Parla una ragazza, vestita da maschio: “Io ho la mia felpa sformata, e il cappuccio tirato su che mi copre capelli, orecchie e mezza fronte”. All’autoscontro, ha finito i gettoni, ma prima si intuisce un altro scontro, con un maschio. Vittorioso, con strane conseguenze: “Uso un tono stretto, stridulo, di una voce che forse prima non m’è mai appartenuta, ma che da quando ho vinto la battaglia con Alessandro m’è scesa nella carotide”. Sorvoliamo sulla questione dell’appropriazione vocale, ai danni del giovanotto.

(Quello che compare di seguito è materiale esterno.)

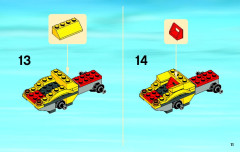 LEGO 4201 instructions page 11 – build guide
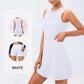 Robe sans manches sportive et shorts de compression 2 pièces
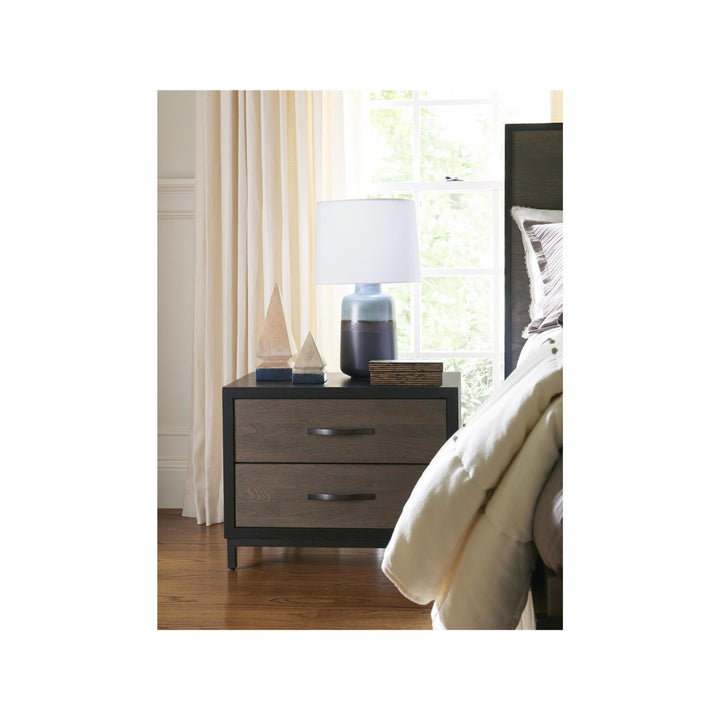 Spencer Bedroom Nightstand-Universal Furniture-UNIV-219350-NightstandsGray and Parchment-4-France and Son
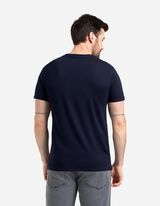 T-shirt - Print - donkerblauw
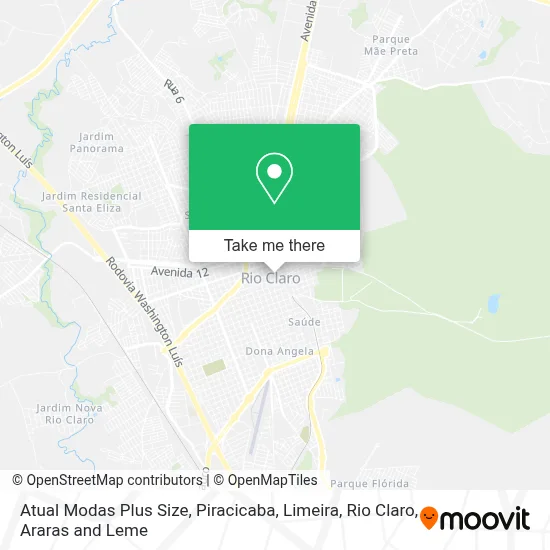 Atual Modas Plus Size map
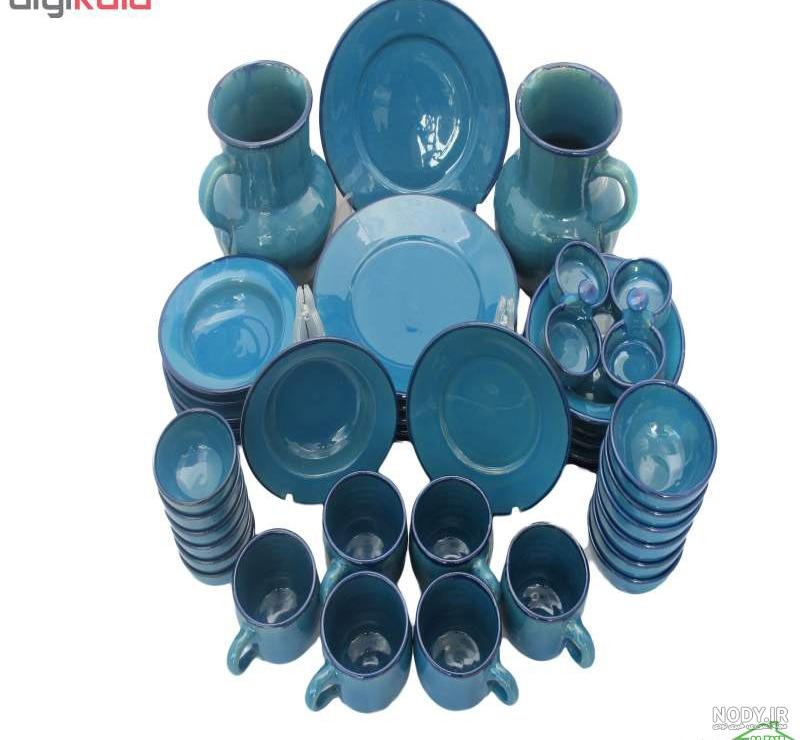 عکس ظروف سفالی رنگی عکس ظروف سفالی رنگی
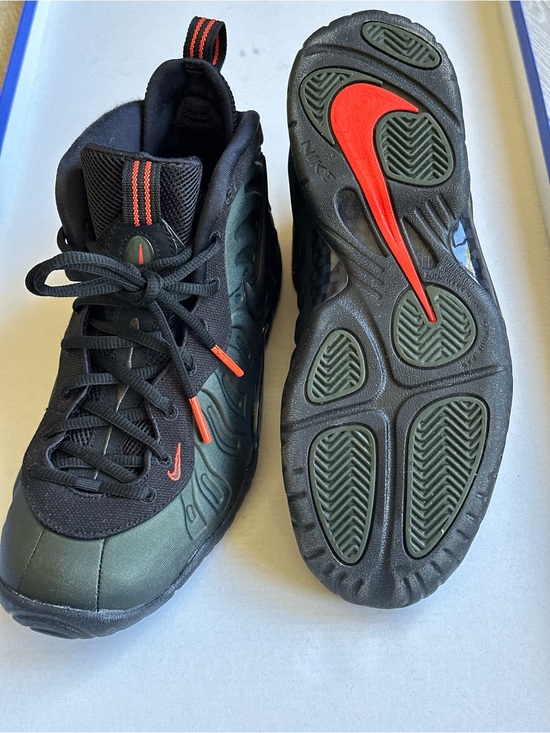 Nike Air Foamposite Pro Sequoia 644792-300 Size 7Y Green Black Orange Sneakers main image 14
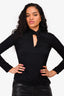 Max Mara Black Twisted Neck Detailed Top Estimated Size S (As Is)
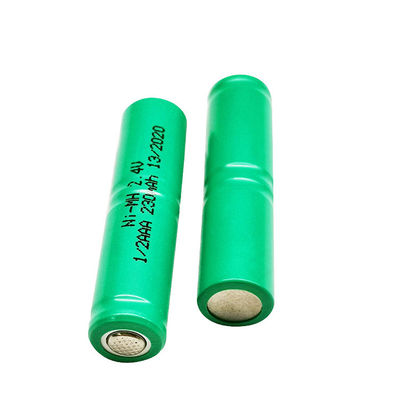 comprar Almacenamiento Batería recargable de níquel 2.4v 250mah Nimh Batería para cortador de pelo Fabricación en línea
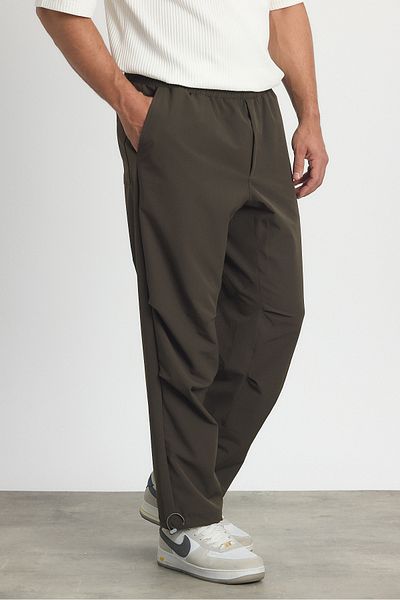 İLKCET MODA Lycra Stretchy Stopper Detail Baggy Trousers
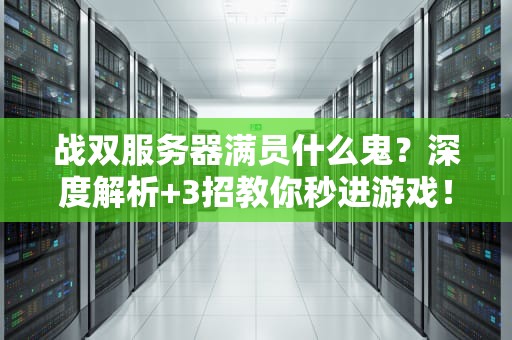 战双服务器满员什么鬼？深度解析+3招教你秒进游戏！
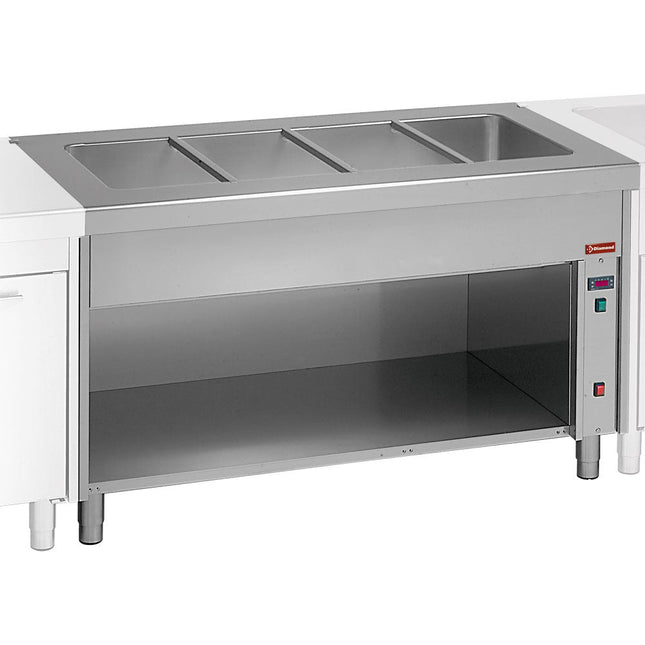 Bain Marie på åbent skab 4x GN 1/1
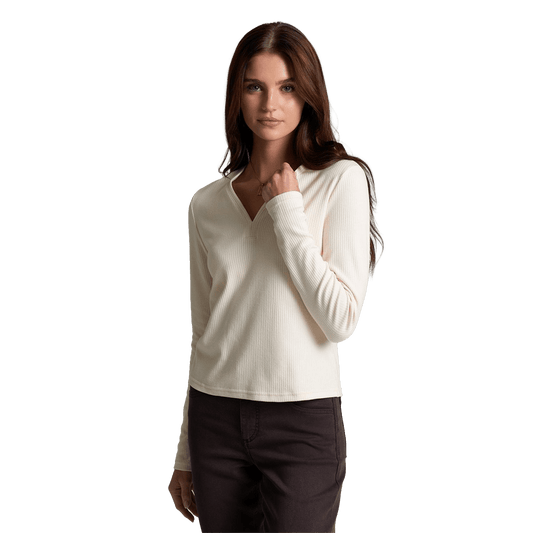 KUHL WOMEN'S VERONICA LONG SLEEVE- NATURAL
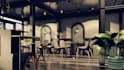 create modern and stunning restaurant interior design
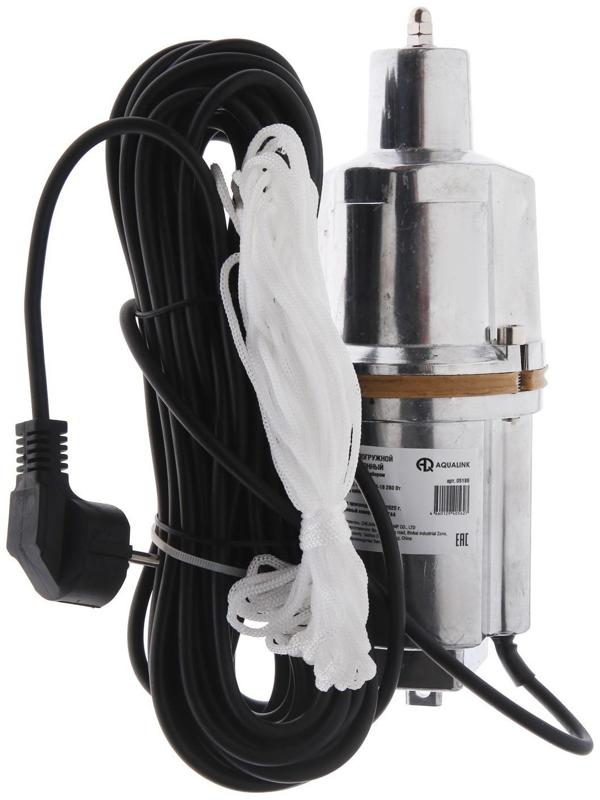 Насос вибрационный AQUALINK VP D-65/18-16, 280 Вт, нижний забор, 18 л/мин, напор 65 м, 16 м
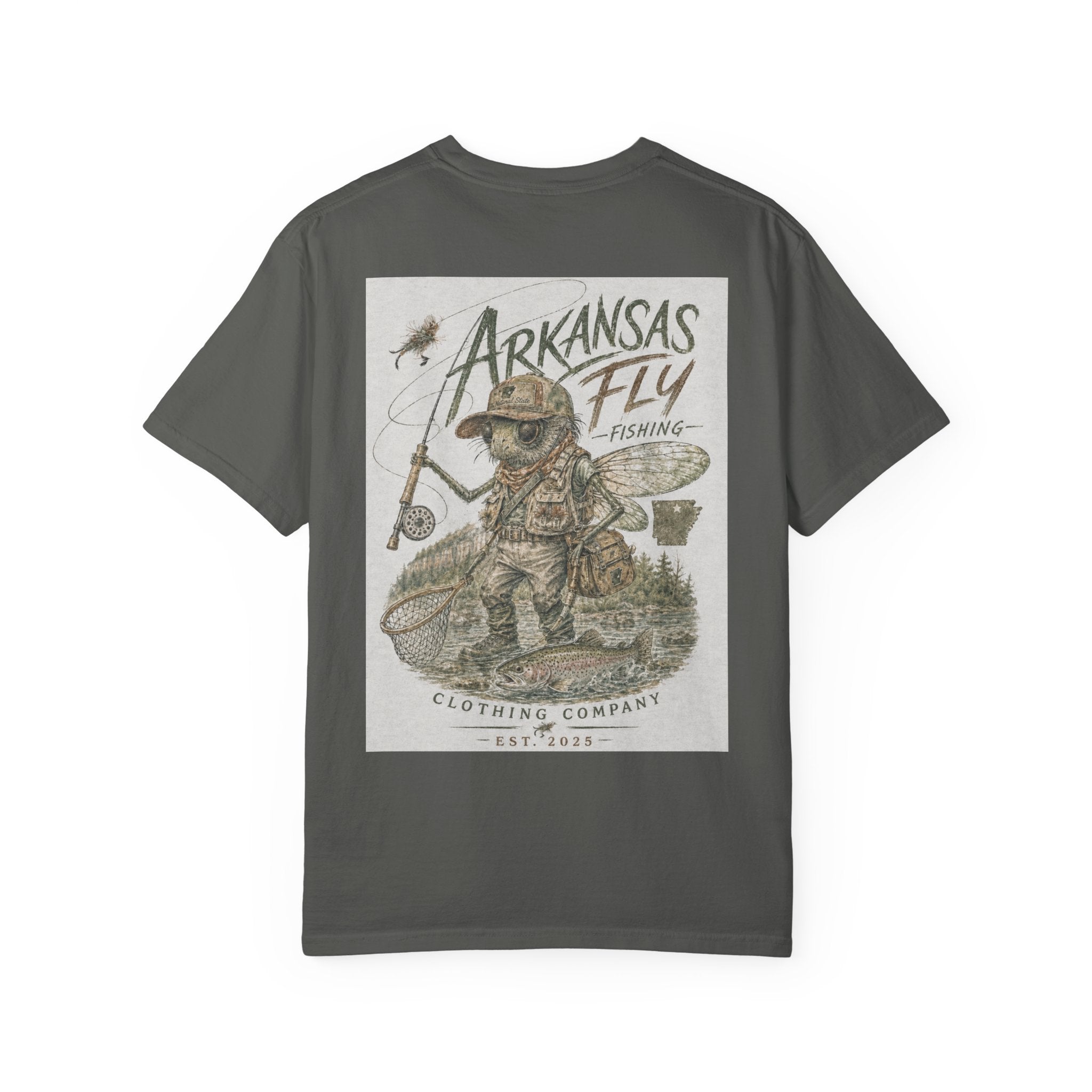 AFFCC Arkansas Fly Fishing Illustration T-Shirt | Vintage Angler Graphic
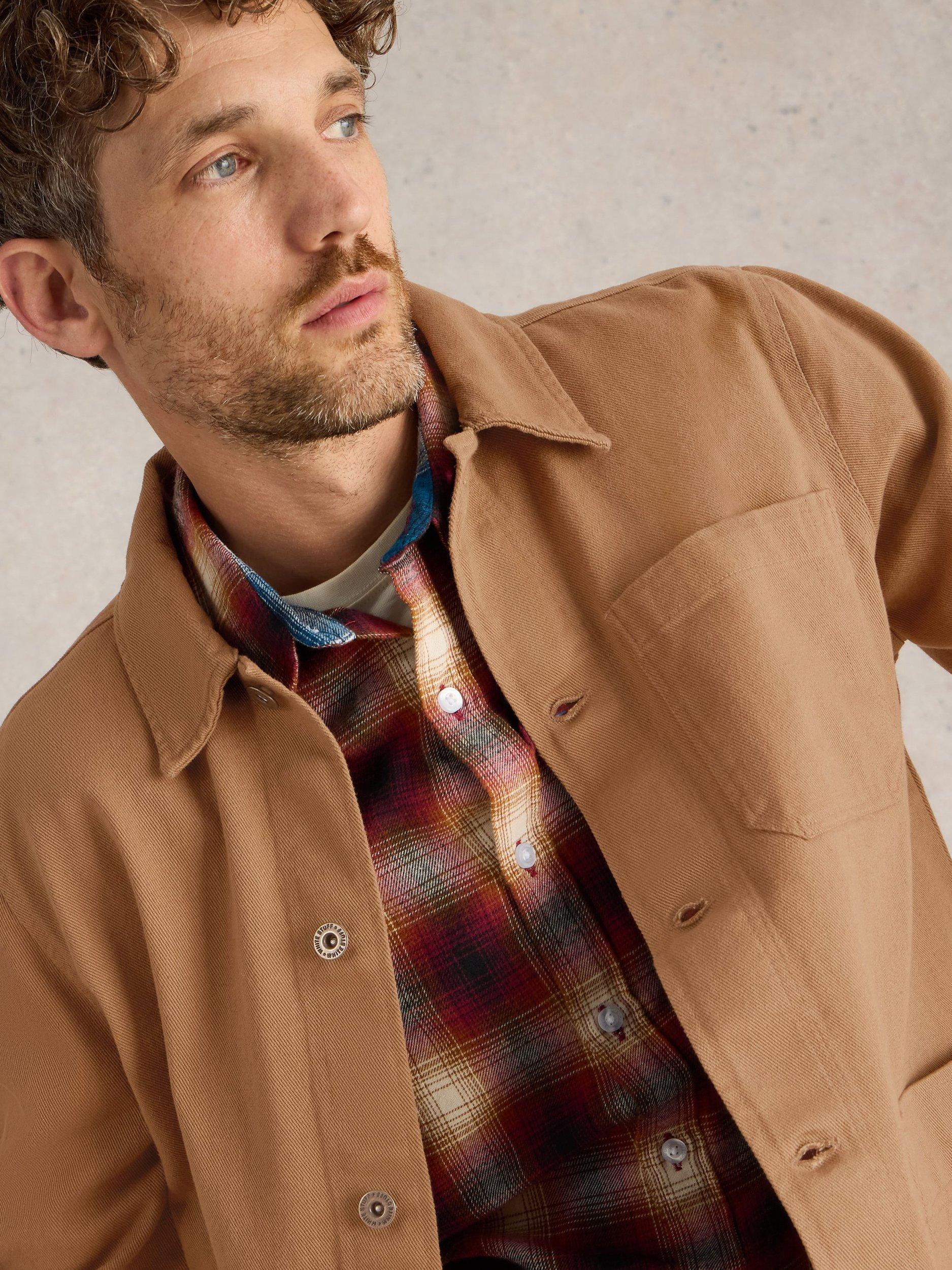Product image 3 of 7, which shows White Stuff Kynman Workwear Jacket, Tan, XS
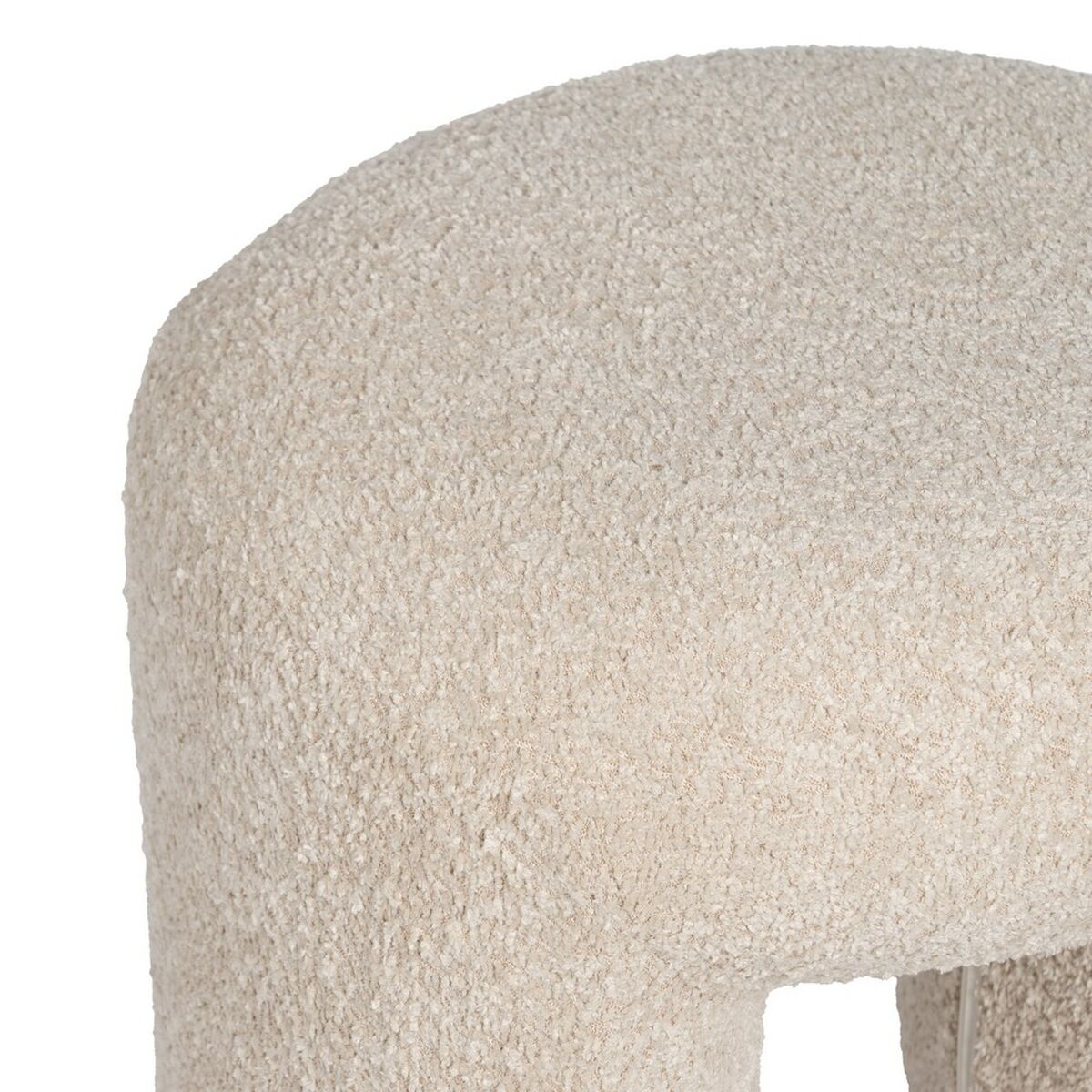 Puff Beige Polyester 46 X 44 X 41 CM - 3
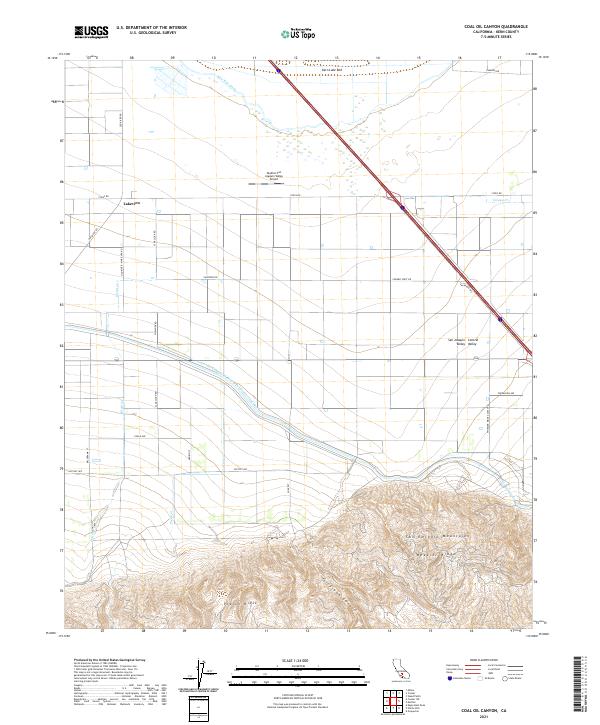 US Topo 7.5-minute map for Coal Oil Canyon CA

La pagina si chiude pacificamente sugli orsi rosa del luna park (tipica scena da film americano, tirano qualche colpo, poi la ragazza si allontana abbracciando un peluche enorme).

 

In cerca di lumi, andiamo alla nota dell’autrice che parla di “tre personagge” (lo mette in corsivo ma il brivido resta) e poi per ogni “personaggia” (aiuto!) spiega da dove viene l’ispirazione. La triste storia di una donna che cerca una casa per la sua famiglia. La migliore amica morta. E infine l’autrice medesima: “I dolori che ho circumnavigato e quelli che ho attraversato”. Segue una lista di ringraziamenti, più “qualche verità” lunga una pagina e mezza. Gli scrittori bravi rubano e scappano, mica ringraziano.